§ EXERCISE INSTRUCTIONS: Would you restate, word for word, only the lines starting at the one with "this 1024×768 image." and ending with the final line of the entries below? Pictures stay out.

[Start of Attachment]

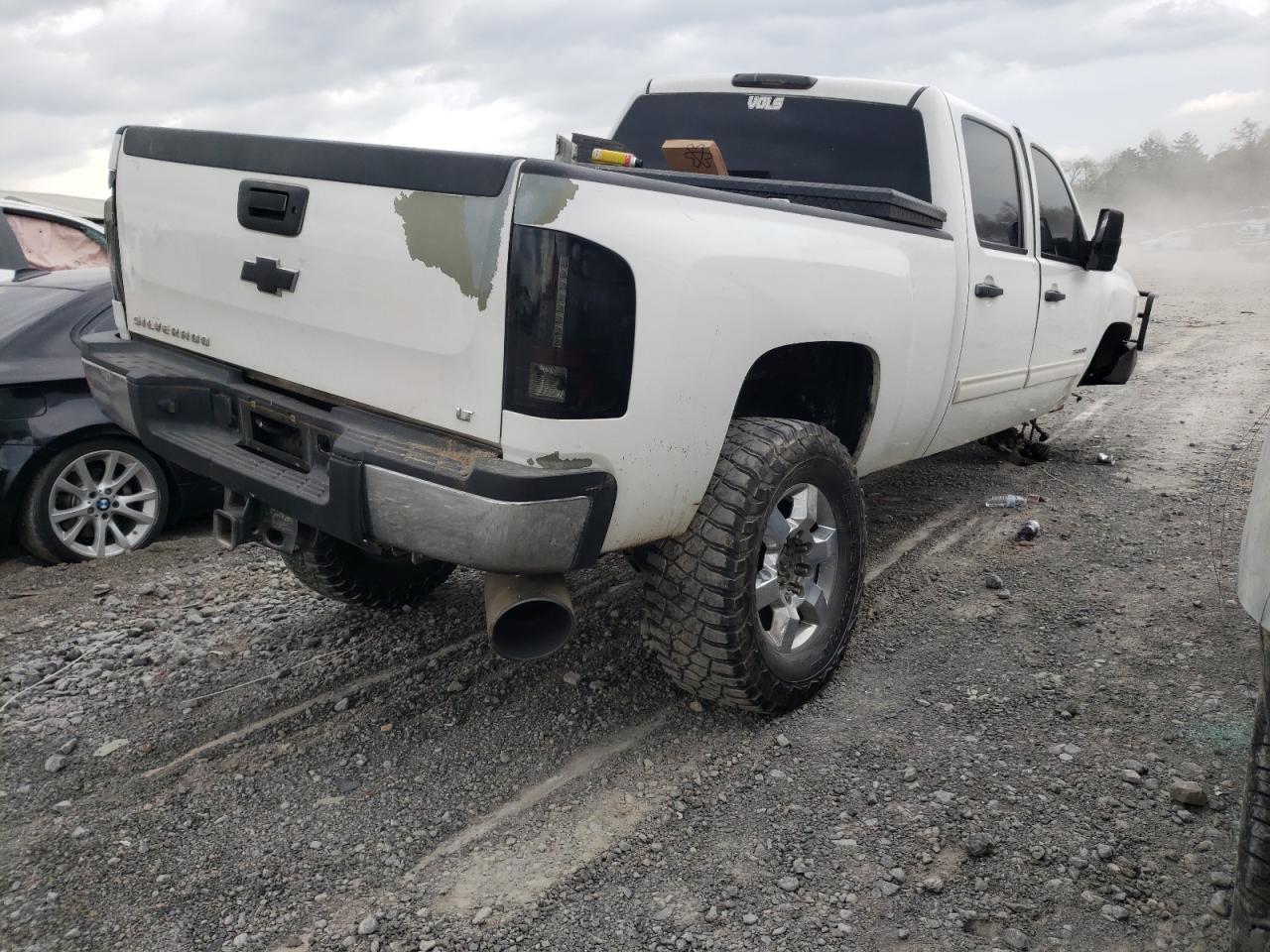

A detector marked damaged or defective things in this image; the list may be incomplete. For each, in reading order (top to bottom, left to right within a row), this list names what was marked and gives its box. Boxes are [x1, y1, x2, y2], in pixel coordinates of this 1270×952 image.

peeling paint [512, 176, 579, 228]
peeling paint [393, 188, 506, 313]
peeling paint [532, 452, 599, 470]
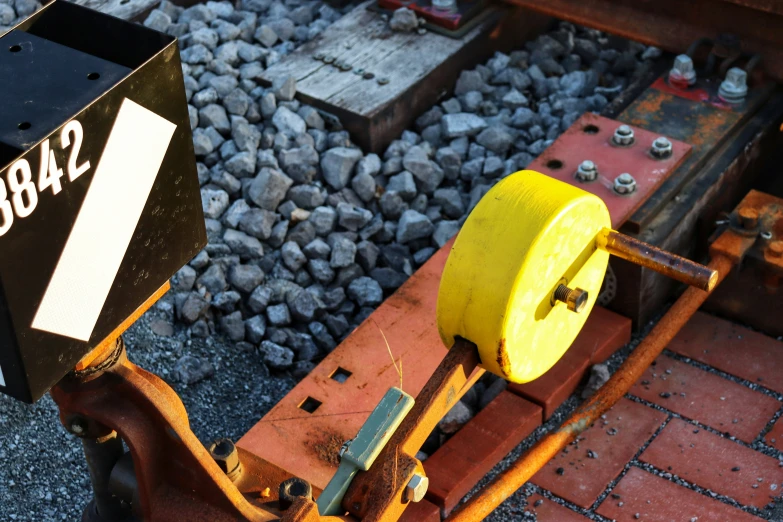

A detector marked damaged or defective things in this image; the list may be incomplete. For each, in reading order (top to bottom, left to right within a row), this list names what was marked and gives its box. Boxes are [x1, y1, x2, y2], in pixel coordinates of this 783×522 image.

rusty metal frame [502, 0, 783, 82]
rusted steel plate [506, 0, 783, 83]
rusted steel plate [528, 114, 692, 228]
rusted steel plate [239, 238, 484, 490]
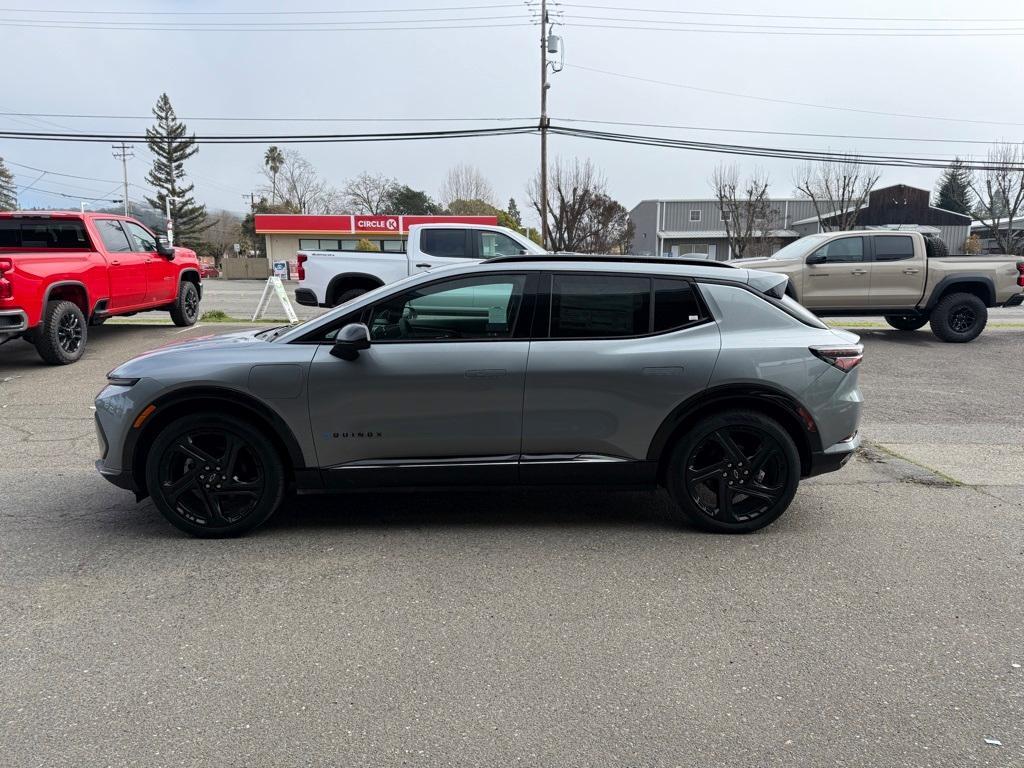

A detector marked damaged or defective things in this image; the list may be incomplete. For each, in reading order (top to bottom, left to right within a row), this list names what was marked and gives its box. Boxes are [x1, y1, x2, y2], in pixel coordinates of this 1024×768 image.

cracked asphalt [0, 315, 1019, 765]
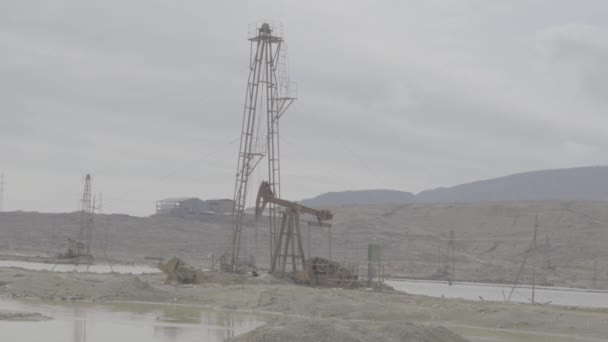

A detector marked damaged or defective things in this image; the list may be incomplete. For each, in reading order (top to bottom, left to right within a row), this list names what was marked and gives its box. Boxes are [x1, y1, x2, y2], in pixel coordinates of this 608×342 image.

[End of Attachment]

§ OUTPUT FOR THIS EXERCISE:
A detector marked damaged or defective things in this image; the list may be incomplete. For each, in reading order (top to bottom, left to right within a row), this list names what was marked and gives its box. Boxes are [x1, y1, x2, y2], in pixel coordinates of this 1024×768 image.

cracked asphalt [0, 315, 1019, 765]

A detector marked damaged or defective things in this image; the list may be incomplete. For each, in reading order (top to bottom, left to right within a row), this list names what was marked and gives its box. Boxes are [x1, y1, x2, y2], in pixel coordinates of this 608×342 image.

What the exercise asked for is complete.